Let's say an $n$-manifold is cubulated if it is glued out of cubes $[0,1]^n$ in a way that looks locally like the standard cubulation of $\mathbb R^n$. For instance, the face $[0,1]^{k-1} \times \{1\} \times [0,1]^{n-k}$ of some cube must be glued to the face $[0,1]^{k-1} \times \{0\} \times [0,1]^{n-k}$ of some other cube, for the same value of $k$; the torus $(\mathbb R/\mathbb Z)^n$ is cubulated with just one cube (coming from the standard map $[0,1] \to \mathbb R/\mathbb Z$); the Klein bottle is not cubulated in my sense.
One can imagine an equivalence relation on cubulations of $M$ in which two cubulations are equivalent if they share a common refinement. But I haven't thought through the details of exactly what "refinement" should mean.

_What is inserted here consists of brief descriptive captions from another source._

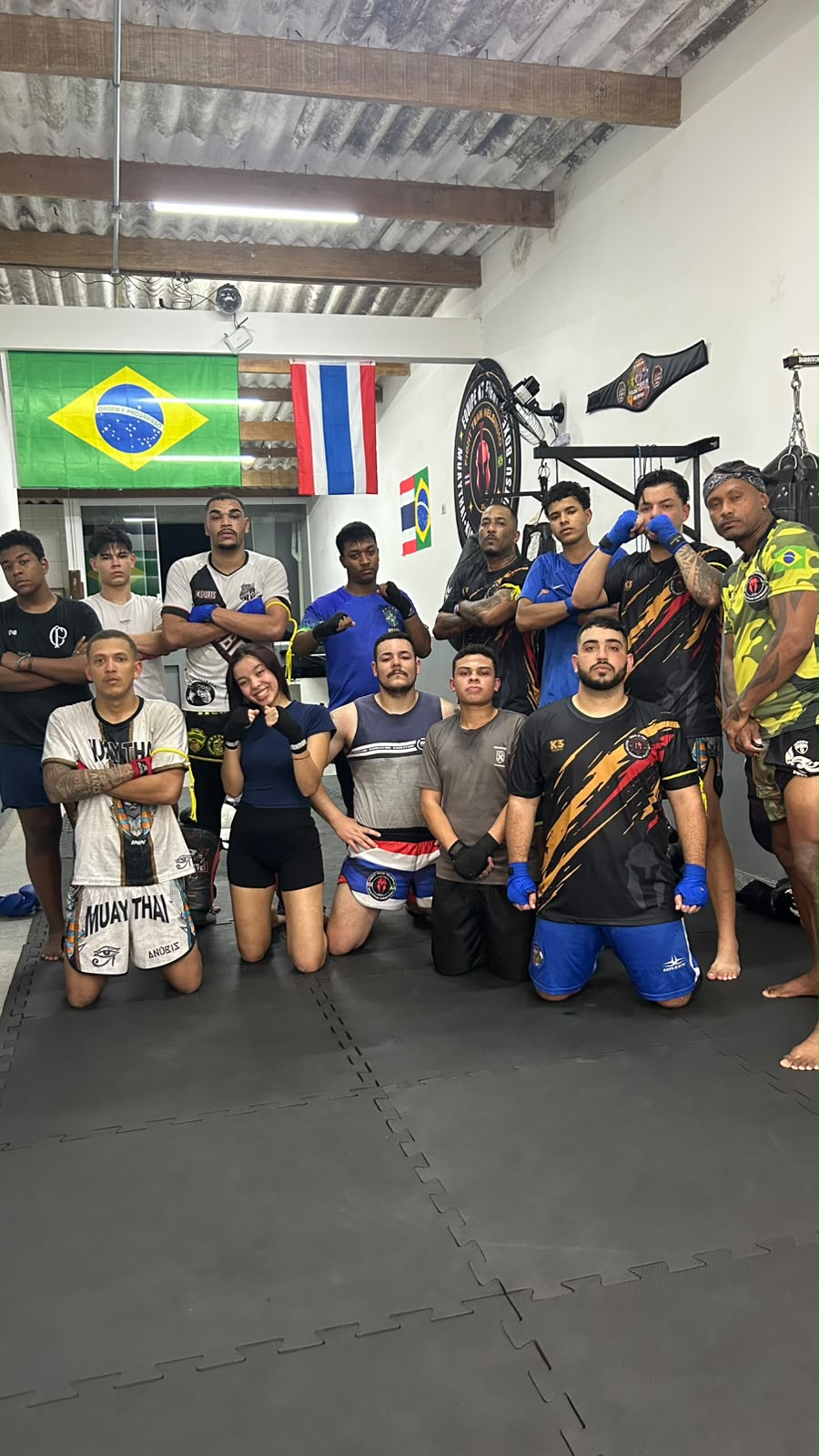 Turma cheia reunida no tatame do CT sob as bandeiras do Brasil e da Tailândia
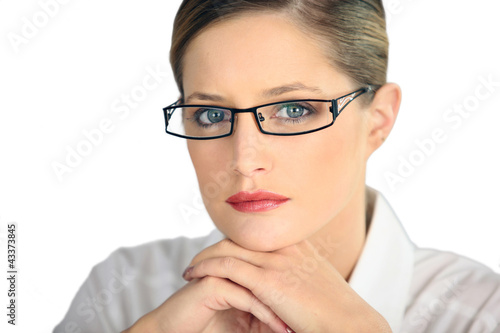 Photo: Portrait of a woman wearing glasses Portrait of a woman wearing glasses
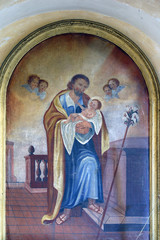 Saint Joseph holding child Jesus, altar of Saint Joseph in the church of Holy Trinity in the...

It's clear that every cubulated manifold is framed. (A framing of an $n$-manifold $M$ is a homotopy class of trivializations of the tangent bundle, i.e. a homotopy class of vector bundle isomorphisms $TM \cong \mathbb R^n \times M$.) Locally, a framing determines a cubulation (or rather an equivalence class of cubulations). But globally I'm not so sure. I'm worried about things like the irrational line on the torus, which could prevent a framing from arising from any finite cubulation.
Question: Does every framed manifold admit a framing-compatible cubulation?